Repeat exactly the lines of the entries below from the one with "Obraz na płótnie" through the one with "3 Bed 2 Bath", both ends included, and nothing else.

• DATA SUPPLIED:
· · · ·

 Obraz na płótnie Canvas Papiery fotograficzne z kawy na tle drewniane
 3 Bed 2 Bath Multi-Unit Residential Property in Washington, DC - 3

· · · ·

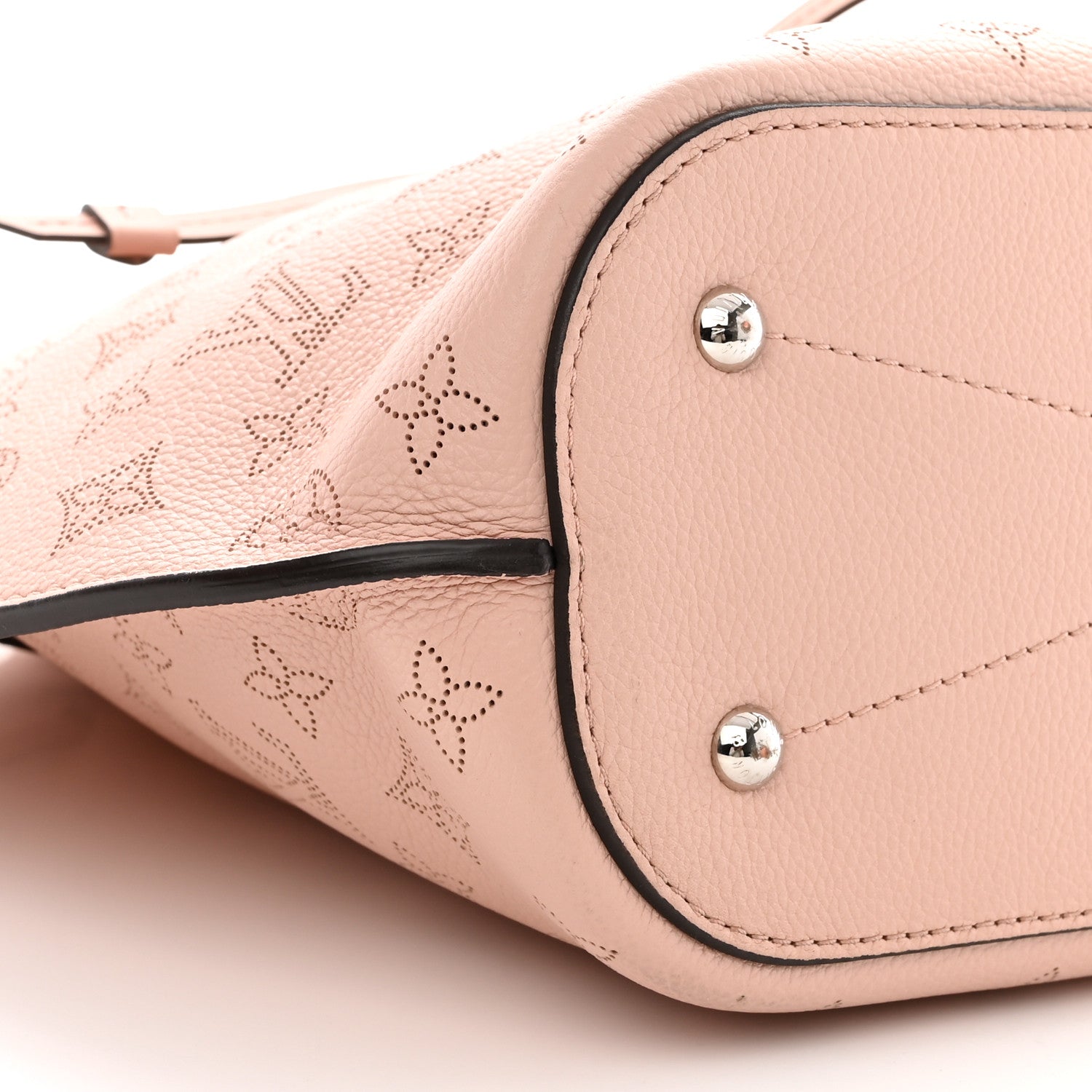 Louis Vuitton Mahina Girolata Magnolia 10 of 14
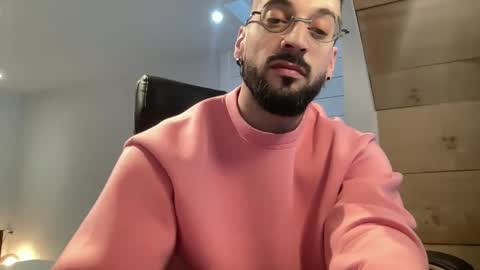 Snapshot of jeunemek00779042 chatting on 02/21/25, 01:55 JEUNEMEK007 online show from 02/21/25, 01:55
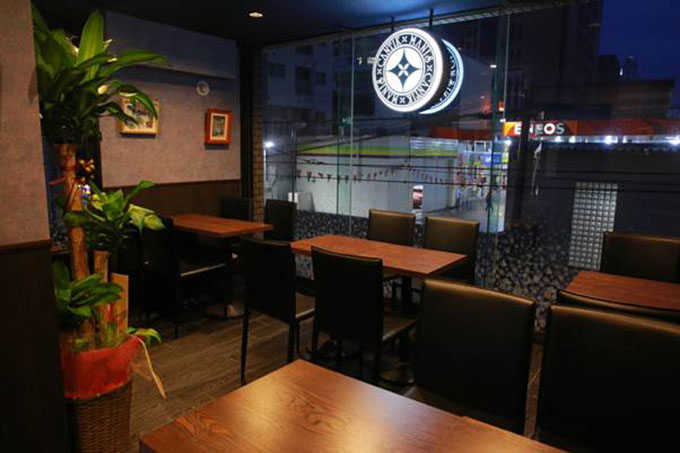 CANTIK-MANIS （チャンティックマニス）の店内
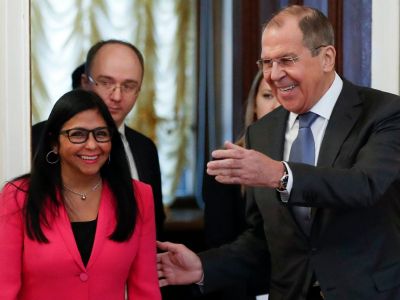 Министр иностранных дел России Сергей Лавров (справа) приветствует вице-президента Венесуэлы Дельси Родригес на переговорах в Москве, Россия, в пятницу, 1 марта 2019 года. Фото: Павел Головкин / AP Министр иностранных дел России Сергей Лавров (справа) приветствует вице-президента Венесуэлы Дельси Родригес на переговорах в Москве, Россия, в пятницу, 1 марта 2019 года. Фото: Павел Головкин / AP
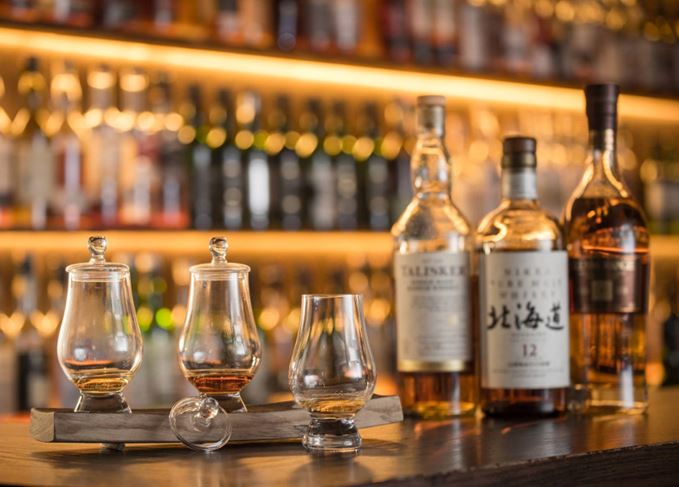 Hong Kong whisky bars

· · · ·

• ANSWER FOR THE TASK:
 Obraz na płótnie Canvas Papiery fotograficzne z kawy na tle drewniane
 3 Bed 2 Bath Multi-Unit Residential Property in Washington, DC - 3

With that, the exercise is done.